More trade and certain gas supplies at the same time seem contradictory. After all, gas production from the Groningen field is rapidly being reduced and gas production from small fields is also declining. It is not without reason that the Netherlands became a net importer of natural gas for the first time in the past year after having been a net exporter for decades. But what does that mean for the security of gas supply in the Netherlands now that we are producing less, but we cannot do without it for the time being? And does TTF have a future now that the foundation under the trading platform is changing? Finally, you may wonder whether you, as a net importer, would like to be completely exposed to the spot market. So, let’s zoom into these questions.
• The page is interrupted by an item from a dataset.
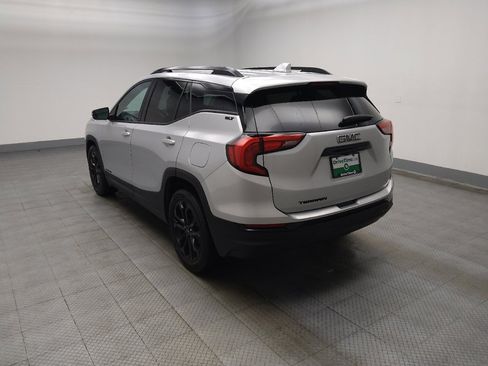 Used 2021 GMC Terrain SLT w/ Elevation Edition image 5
Although national gas production is declining rapidly, we will continue to be a serious gas producer for years to come, especially for our own consumption. Nevertheless, we already have to import gas to meet our own needs. This import capacity is already there, for example the Rotterdam GATE LNG terminal is being used more and more. On top of that, the new pipeline from Russia to Germany will also contribute to sufficient gas import capacity to Western Europe, and therefore the Netherlands. In addition, the existing capacity of nitrogen plants is being expanded. In those factories, imported gas from, for example, Norway and Russia can be enriched with nitrogen to the same quality level as that from gas from the Groningen field.

“What sets us apart from experienced European net gas importers is our gas storage capacity”

What sets us apart from experienced European net gas importers such as France, Austria and Italy is our gas storage capacity. By building up large stocks in time, we will have less exposure to the whims of the spot market. It seems wise to consider whether it is better not to conclude longer term contracts (> 3 years) for part of your gas stocks in addition to the short-term trade on the TTF. This would ensure some spreading of price risks. It could also offer higher security of supply in the event of supply calamities and/or unexpectedly large increases in demand for gas in other parts of the world. For instance, after the tsunami at Fukushima, Japan, the demand for LNG in Japan increased sharply due to the sudden closure of many nuclear power plants. This led to an unexpected worldwide jump in gas prices.

Does the TTF have a future as the most important gas trading market? The availability of gas in the Netherlands will decrease if local production is not balanced by rising gas imports. These imports appear to be guaranteed for the time being. The time will have to show whether gas buyers in the Netherlands are able to continue to buy the correct volumes in time to guarantee future deliveries. The trade and market speculation will play an increasingly important role. For the time being, the future for TTF therefore appears to be guaranteed. However, gas must be supplied at the end of a contract – regardless of how often it has changed ownership. Given this obligation for gas supply in the future, the government also has an important role to play here and long-term policy is desirable.

“Without the rigor of long-term contracts with the right price structure, you as a net importer are ultimately at the mercy of the whims of the market”

Then the last question regarding dependence on spot markets. Long-term oil price linked contracts have many disadvantages. The limited flexibility and price dependence of a market that can behave differently from the gas market makes the alternative of a gas benchmark attractive, especially for short-term trading. But now we seem to be heading in the other direction. The gas price is determined by supply and demand. These can vary greatly. Certainly in times of extreme weather conditions, production disruptions and geopolitical conflicts, demand can rise rapidly or supply can fall rapidly. With more and more market parties speculating on these price movements, the threat of a change in supply or demand may already be a reason for large price fluctuations. Without the rigor of long-term contracts with the right price structure, you as a net importer are ultimately at the mercy of the whims of the market. From this price risk perspective you can also argue that at least part of the expected delivery volumes should be laid down in long-term contracts.